Hi Lee,
> Let's further assume that we want to use the beta-weights and
> the intercept estimate to give us percent change, as in
> 100*beta/intercept.
>
> Obviously, this will only work with 1 particular scaling of the regressor.
If you scale the original signal by its mean for each voxel before running individual subject regression analysis, you would get around this problem. You can argue that such scaling is not accurate because mean is usually slightly bigger than intercept, but such inaccuracy is pretty negligible.
> But if I want to get percent change at the peak of the response,
> using 100*beta/intercept, don't I need to have the peak == 1 ?
This whole business of percent signal change is a little dicey to me: % signal change relative to the impulse response function or the whole HRF? This matters with block designs because you would scale the beta's differently.

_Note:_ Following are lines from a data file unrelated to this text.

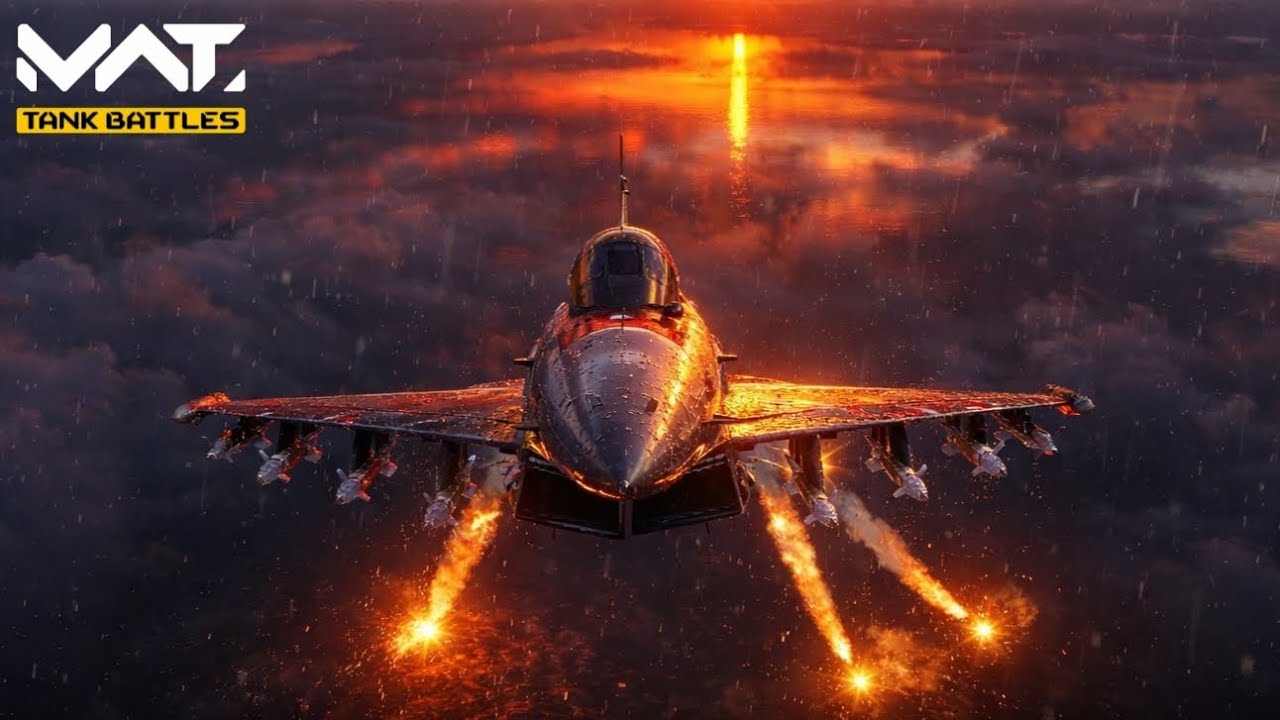 مراجعة شاملة لـ EF-2000 Typhoon🔥🤯.. هل تستحق اقوي طائره🤔 | MWT: Tank Battles 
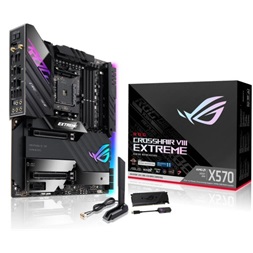 ASUS ROG CROSSHAIR VIII EXTREME AMD X570 SocketAM4 ATX alaplap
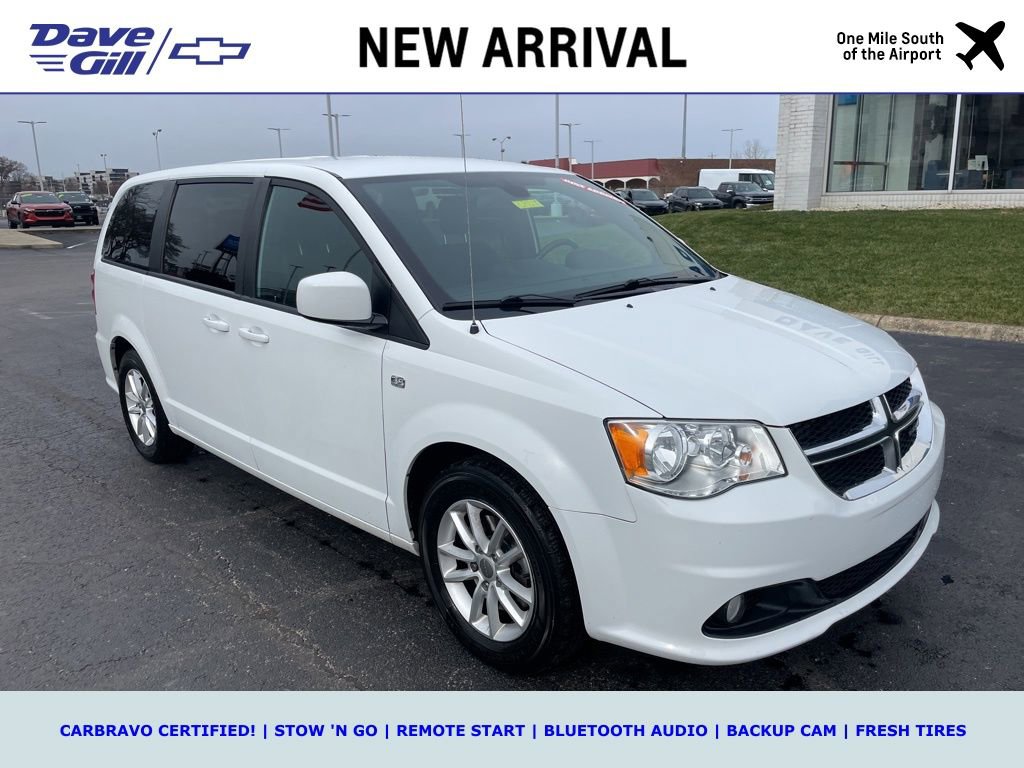 Used 2019 Dodge Grand Caravan SE image 1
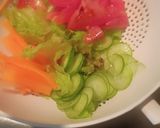 〜夏野菜カリッとJuicyサンドイッチ〜作り方1写真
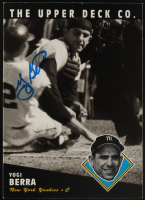 Yogi Berra Signed 1994 Upper Deck All Time Heroes #145 (JSA) at PristineAuction.com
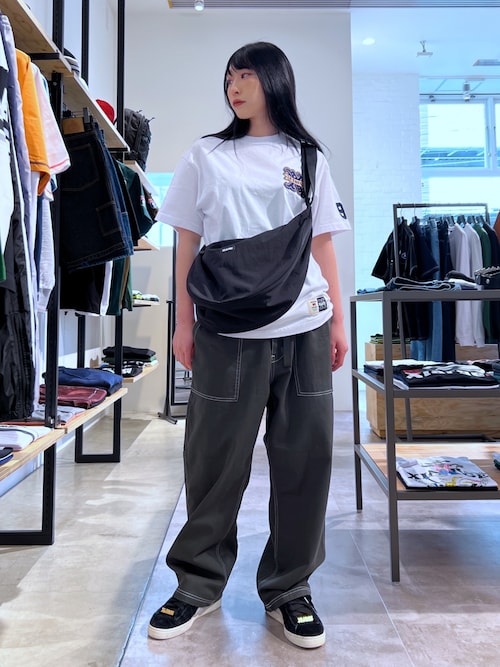 早い者勝ち XLARGE WALKY SHOULDER BAG ロゴのワンポイント◎ 早い者勝ち XLARGE WALKY SHOULDER BAG ロゴのワンポイント◎ (X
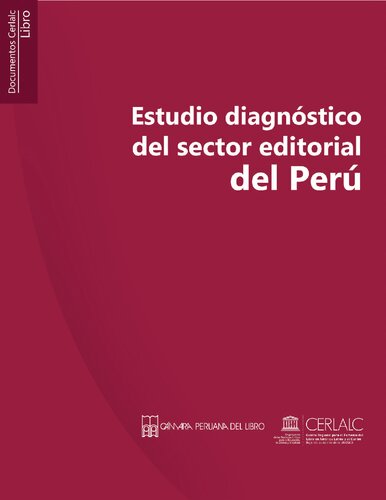 Estudio diagnóstico del sector editorial del Perú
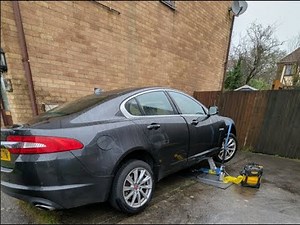 Jaguar XF 3.0D - DPF Cleaning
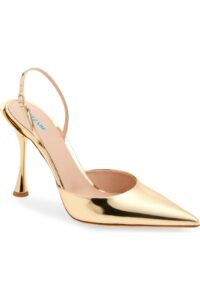 BetzÁbe Sofia Pointed Toe Slingback Pump (women)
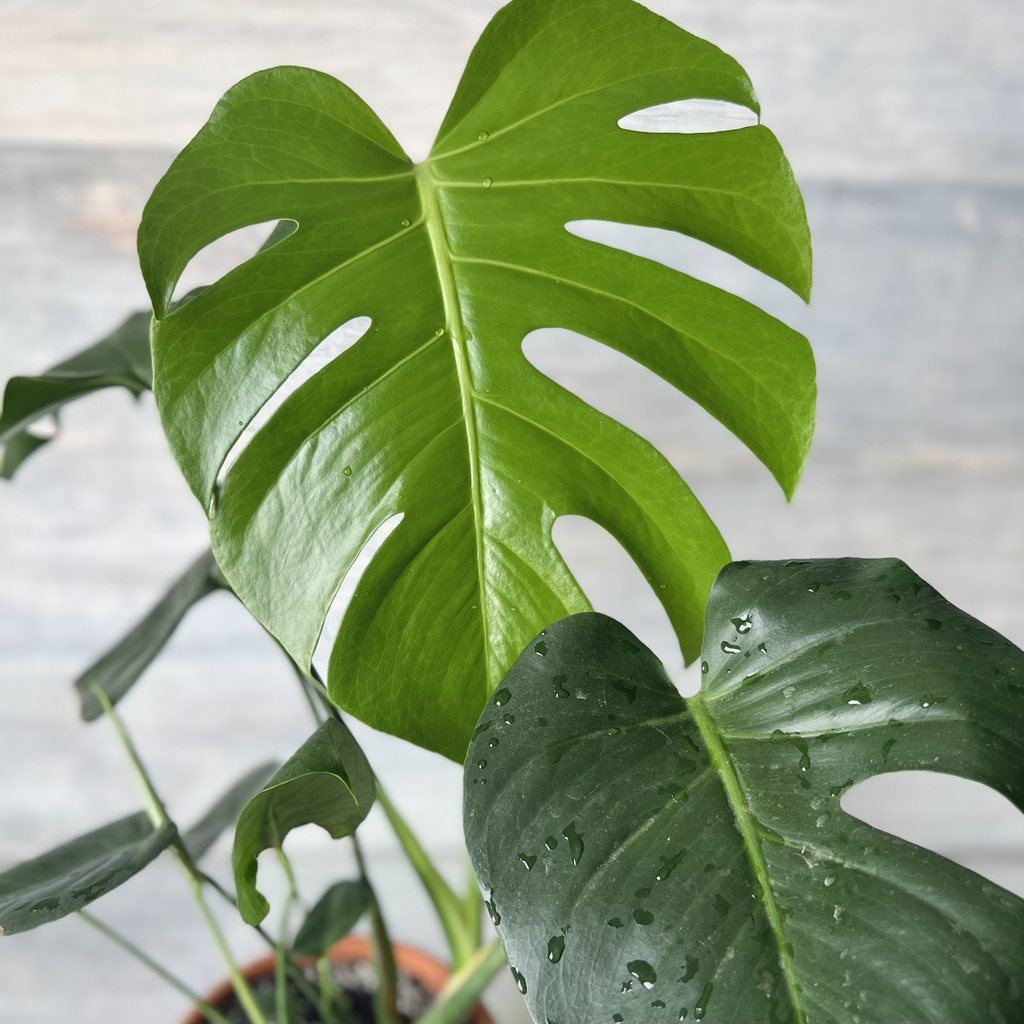 Monstera or Swiss cheese plant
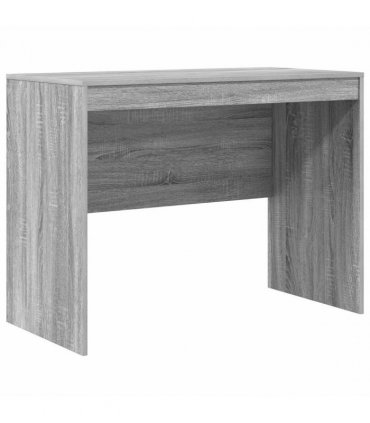 vidaXL Desk with Drawer 2 pcs Grey Sonoma
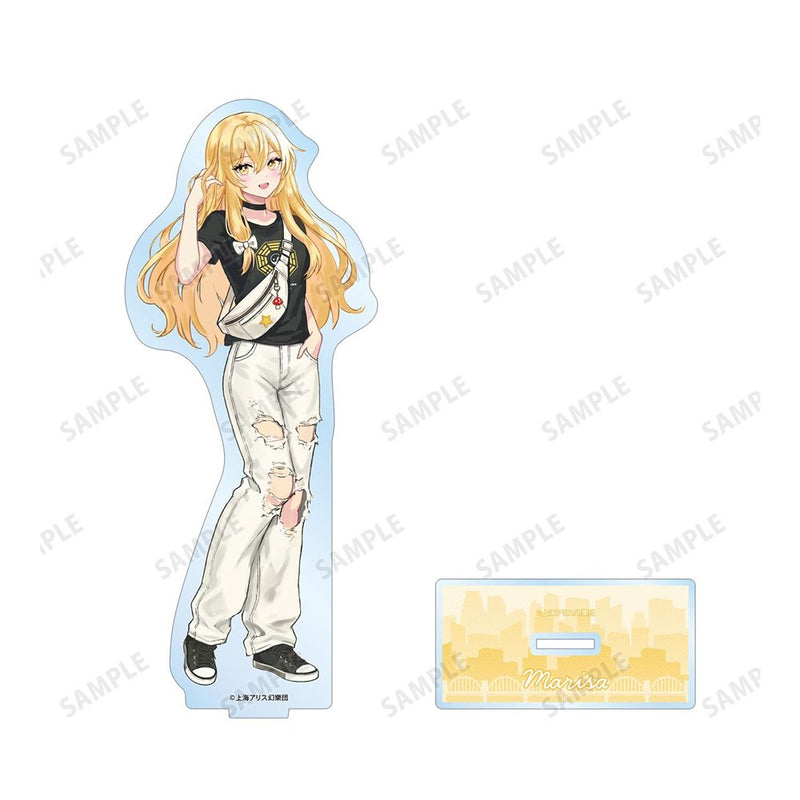 【新品】東方Project 松本能人イラスト 霧雨魔理沙 現代風ファッションver. vol.2 BIGアクリルスタンド / アルマビアンカ 発売日:2026年10月頃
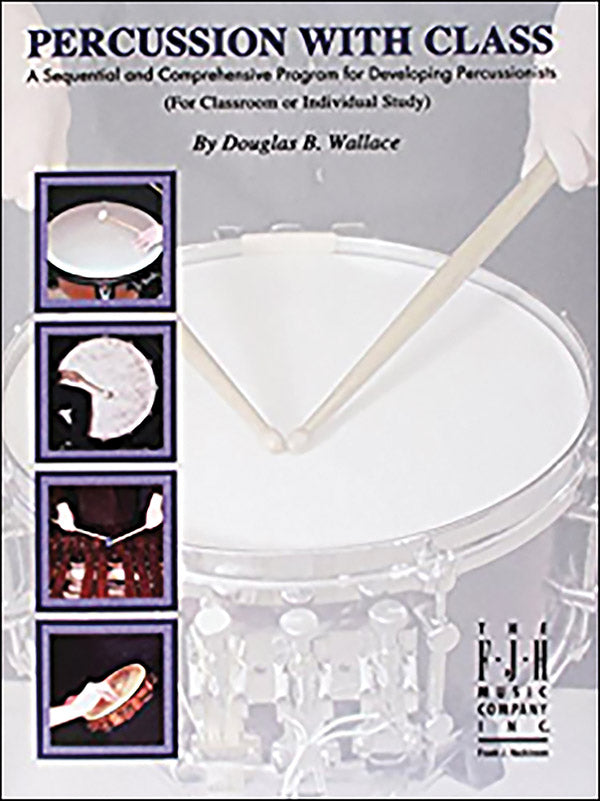 Percussion with Class Cover Image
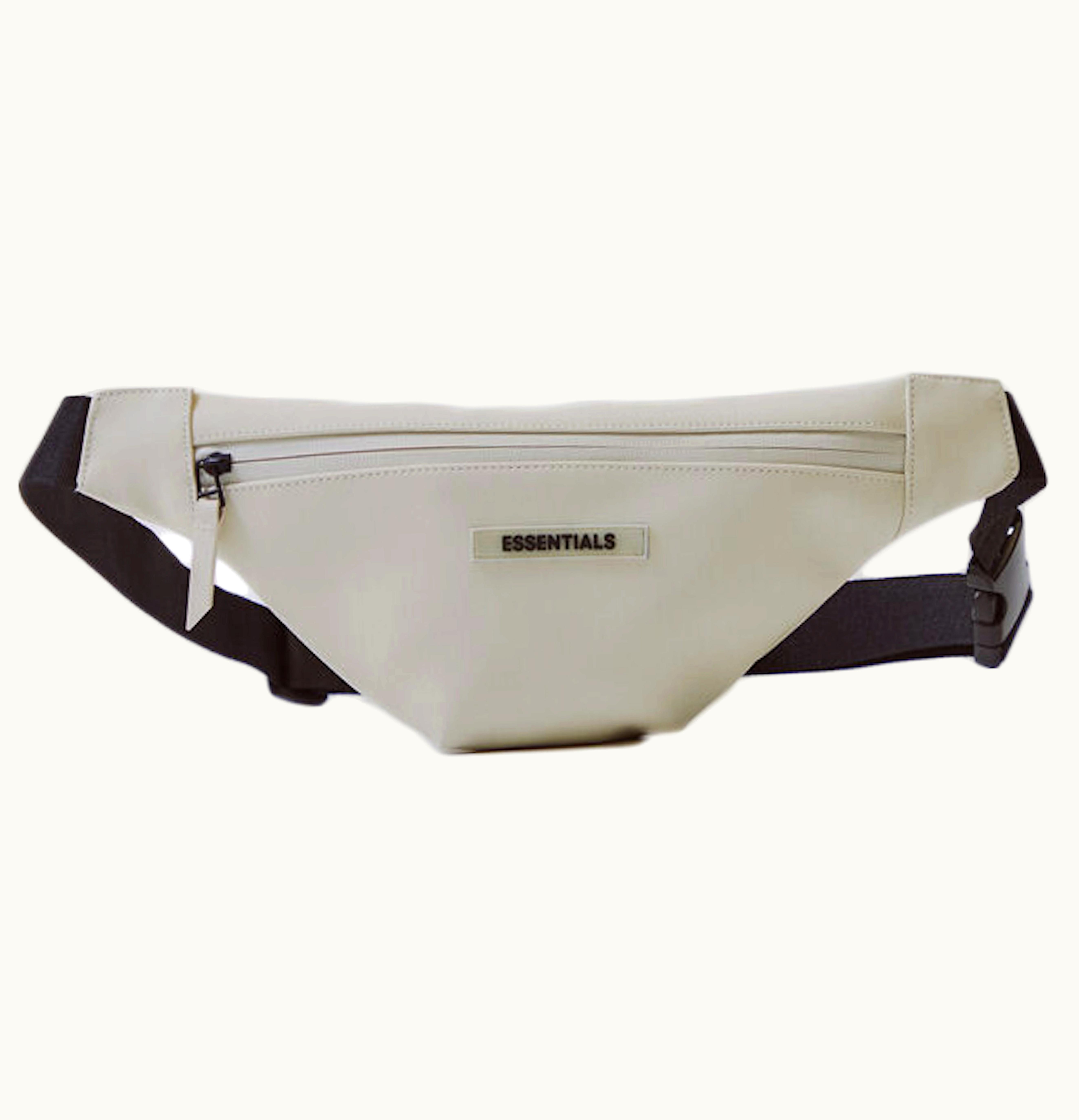 FEAR OF GOD FEAR OF GOD ESSENTIALS Waterproof Sling Bag White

> If I use waver with -peak 1 will that give me a peak of 1.0, an
> integral of 1.0 or what?
The default peak value (option -peak) for waver is 100. waver scales the impulse response function before the convolution is done. For example, with event-related design, the final peak of HRF is
(duration of the stimulus)/TR * peak
as seen in
waver -GAM -dt 2 -peak 1 -tstim 0:0.4 7.7:8.1 | 1dplot -stdin &
waver -GAM -dt 2 -tstim 0:0.4 7.7:8.1 | 1dplot -stdin &
Similar thing happens in block design:
waver -GAM -TR 1 -peak 1 -inline 16@1 40@0 16@1 40@0 | 1dplot -stdin &
waver -GAM -TR 2 peak 1 -inline 16@1 40@0 16@1 40@0 | 1dplot -stdin &
Well, I feel this probably doesn't matter much in the end. As long as you scale the original signal or beta's consistently across subjects, it should be fine at group level because it is the statistics that people pay more attention to. And the real percent signal change value is not really reliable considering various scaling approaches.